- DATA FOR REVIEW -
================
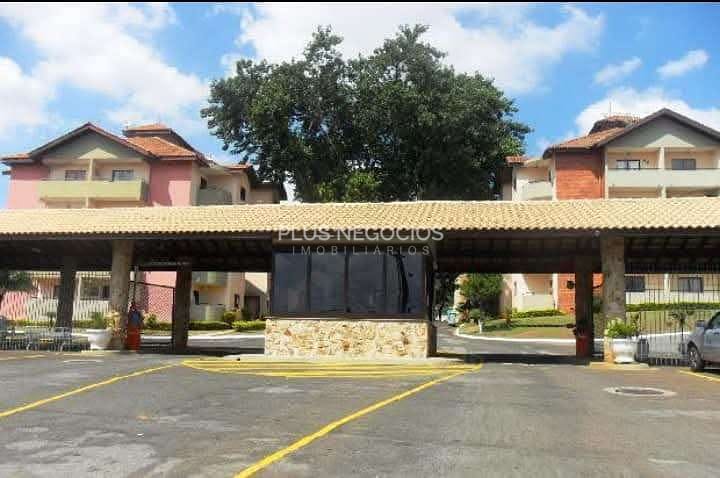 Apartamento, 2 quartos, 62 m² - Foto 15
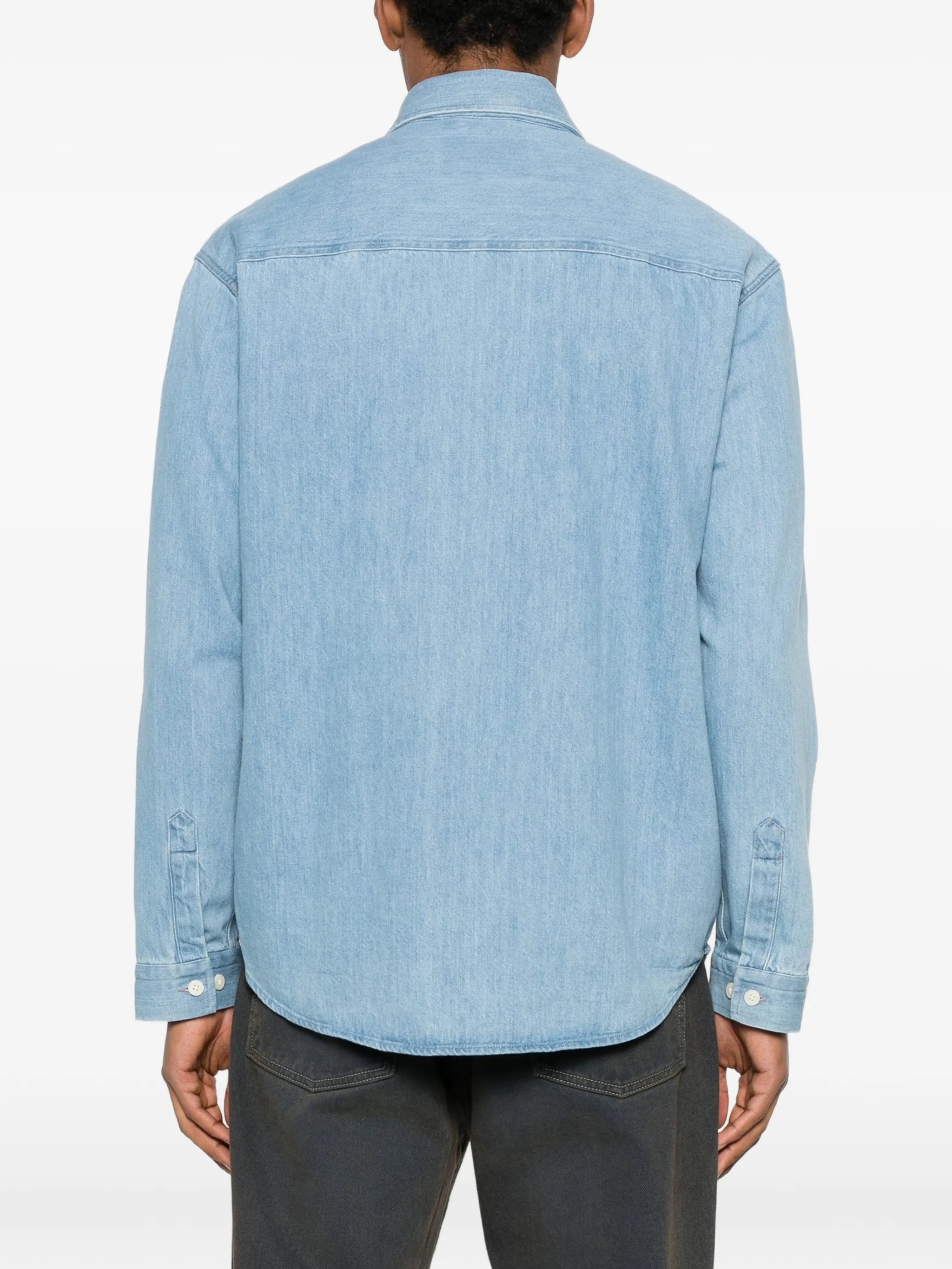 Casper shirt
================
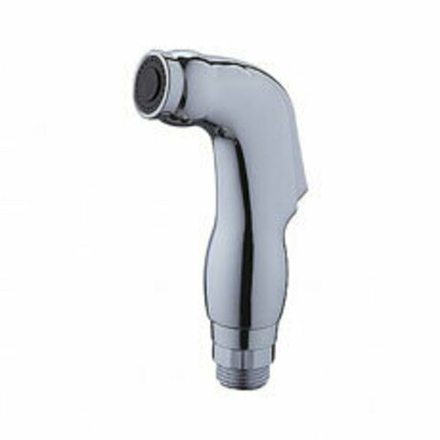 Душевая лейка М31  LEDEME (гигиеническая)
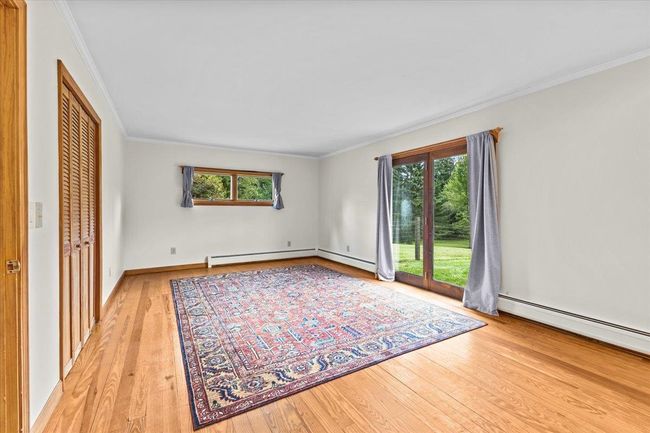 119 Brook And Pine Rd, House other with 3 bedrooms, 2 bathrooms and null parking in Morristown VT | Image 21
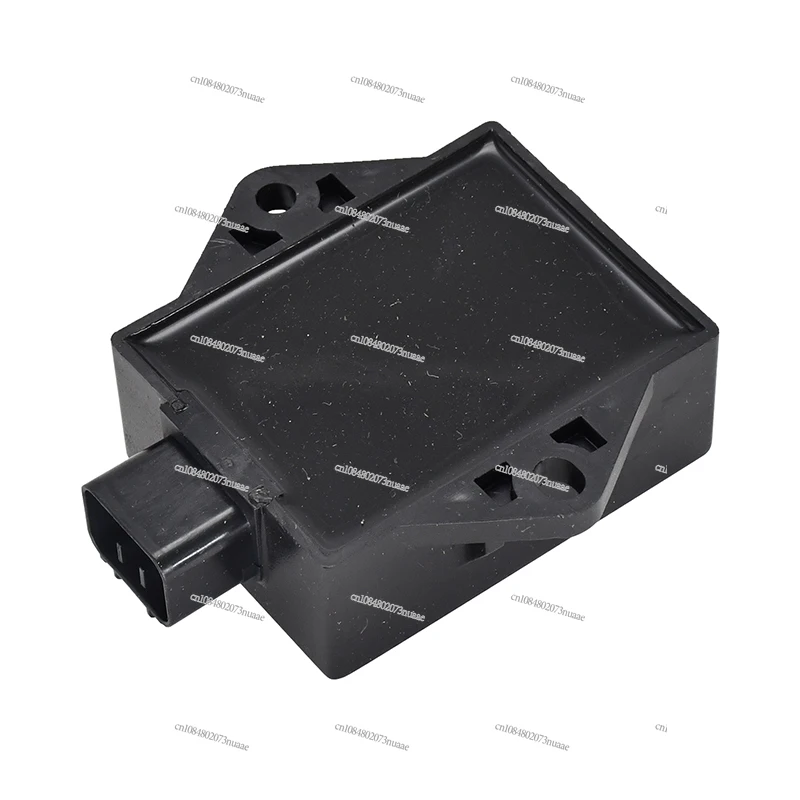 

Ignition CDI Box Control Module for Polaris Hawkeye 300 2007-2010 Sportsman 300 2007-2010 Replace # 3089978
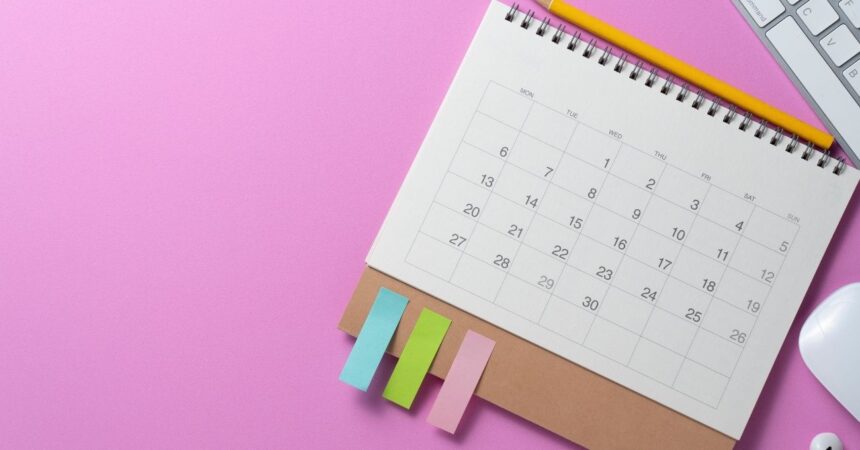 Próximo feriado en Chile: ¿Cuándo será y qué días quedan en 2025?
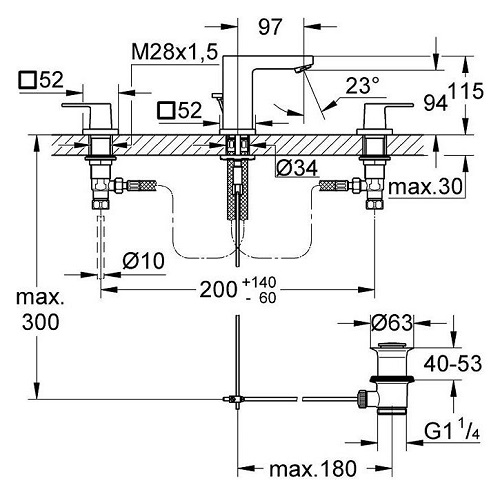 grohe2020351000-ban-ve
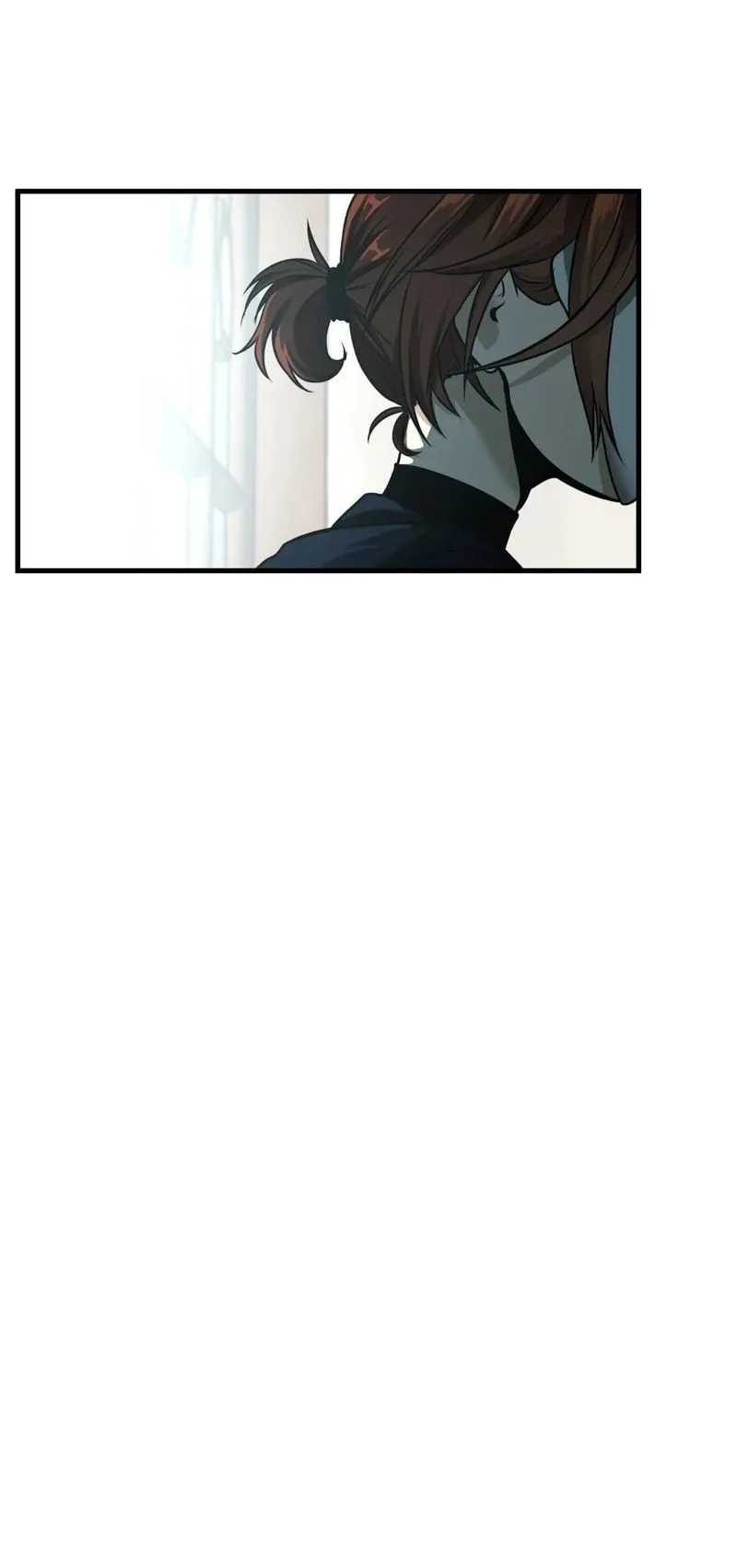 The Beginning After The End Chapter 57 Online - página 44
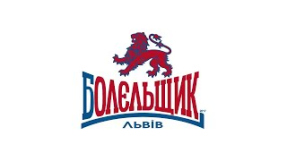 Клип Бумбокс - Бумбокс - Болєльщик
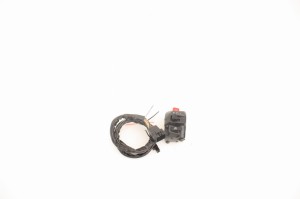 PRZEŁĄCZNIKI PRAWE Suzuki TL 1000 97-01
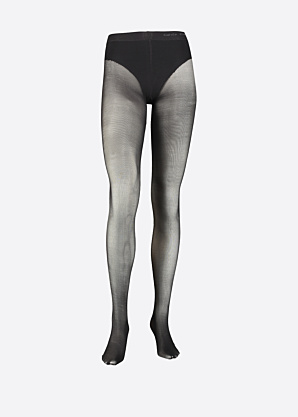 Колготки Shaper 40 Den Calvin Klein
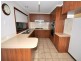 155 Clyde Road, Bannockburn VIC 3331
================
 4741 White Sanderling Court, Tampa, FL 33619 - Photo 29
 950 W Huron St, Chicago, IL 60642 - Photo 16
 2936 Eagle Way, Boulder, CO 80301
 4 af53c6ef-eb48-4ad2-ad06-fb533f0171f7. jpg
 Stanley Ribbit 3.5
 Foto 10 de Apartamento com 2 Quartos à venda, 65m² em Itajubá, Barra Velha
================
- EXERCISE AIM -
Above are the records; print exactly the lines from the line with "Stanley Ribbit 3.5" to the line with "Foto 10 de Apartamento", including both, and nothing else.

- ANSWER TO THIS TASK -
 Stanley Ribbit 3.5
 Foto 10 de Apartamento com 2 Quartos à venda, 65m² em Itajubá, Barra Velha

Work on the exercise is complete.